Между тем из строя началось повальное бегство академистов. Уходили вовсе со службы, переходили в военно-учебные заведения, в интендантство, в пограничную стражу и в другие учреждения, не имеющие прямого или даже никакого касательства к военному искусству, но где были лучшие материальные условия, а главное — моральные: там эти лица пользовались признанием и более быстрым продвижением по службе.
Армейцы уходили из своих частей добровольно, гвардейцы — вынужденно. Гвардейские части не допускали в свои ряды тех из своих сослуживцев, которые, окончив одну из академий, награждались «за отличные успехи в науках» следующим чином и, таким образом, имели несчастье обогнать своих сверстников по полку…
Традиция довлела над законом и даже над властью самодержца… В 1898 г. возник вопрос о возвращении в один из гвардейских полков награжденного чином штабс-капитана Г. и решен был полком отрицательно. Эпизод этот вызвал шум и дошел до Государя. На общем академическом приеме Государь, беседуя с Г., выразил ему пожелание… как-нибудь устроиться… Еще более громкая история на подобной же почве произошла позднее в одной из гвардейских артиллерийских бригад. Проявления нетерпимости в отношении вернувшихся в бригаду академистов были так резки, что вызвали высочайшее вмешательство и серьезные кары не только по отношению начальствующих лиц, но даже всей части.
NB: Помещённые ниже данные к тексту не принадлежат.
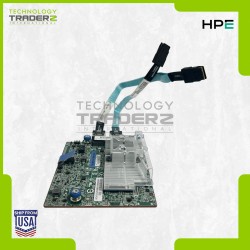 726736-B21 HP P440ar 2GB 2-Port SAS 12Gb RAID Controller 749796-001 W/ 2x Cable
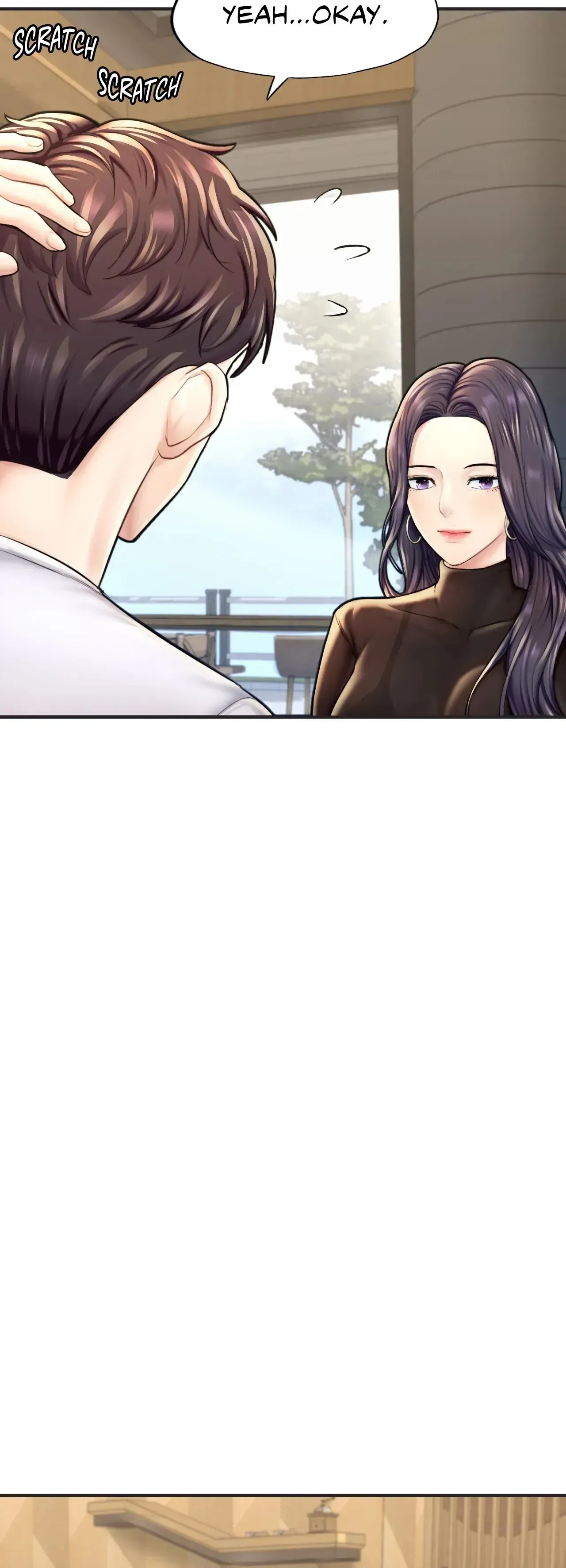 Ordinary to Alpha Chapter 16 page 17 -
И тем не менее, как самый закон, так и ниспровергающая его традиция остались в полной нерушимости…
* * *Военный министр ген. Куропаткин решил произвести перемены в Академии. Генерал Леер был уволен на покой с званием члена Военного совета. Начальником Академии был назначен бывший профессор и личный друг Куропаткина ген. Сухотин. Назначение это оказалось неудачным.
Я не буду углубляться в специальный круг научной академической жизни. Скажу лишь, что в сущности мало что переменилось. По характеру своему человек властный и грубый, ген. Сухотин внес только в академическую жизнь сумбурное начало. Понося гласно и резко и самого Леера, и его школу, Сухотин заменял некоторые его основные положения своими, подчас весьма спорными, стремясь проводить их в умы профессоров и слушателей в порядке властного начальнического распоряжения…
Неправильное понимание верной идеи об «единой военной доктрине» приводило к еще большему обезличиванию и выхолащиванию всего индивидуального, яркого, к стрижке под гребенку, под одно лекало слов, мысли и воли. Сухотин громил «прежнюю схоластику и рутину», но не приблизил преподавание к жизни. Ломал, но не строил.
В академический быт, как никогда, вошли грубость в служебном обиходе, произвол и нетерпимость к инакомыслящим. Особенно тяжело приходилось «лееровскому выпуску» — офицерам, оканчивавшим дополнительный курс уже при Сухотине. Они были опорочены a priori и огулом, и появление нового начальника Академии на защите «темы» грозило им часто не только поношением, но и провалом.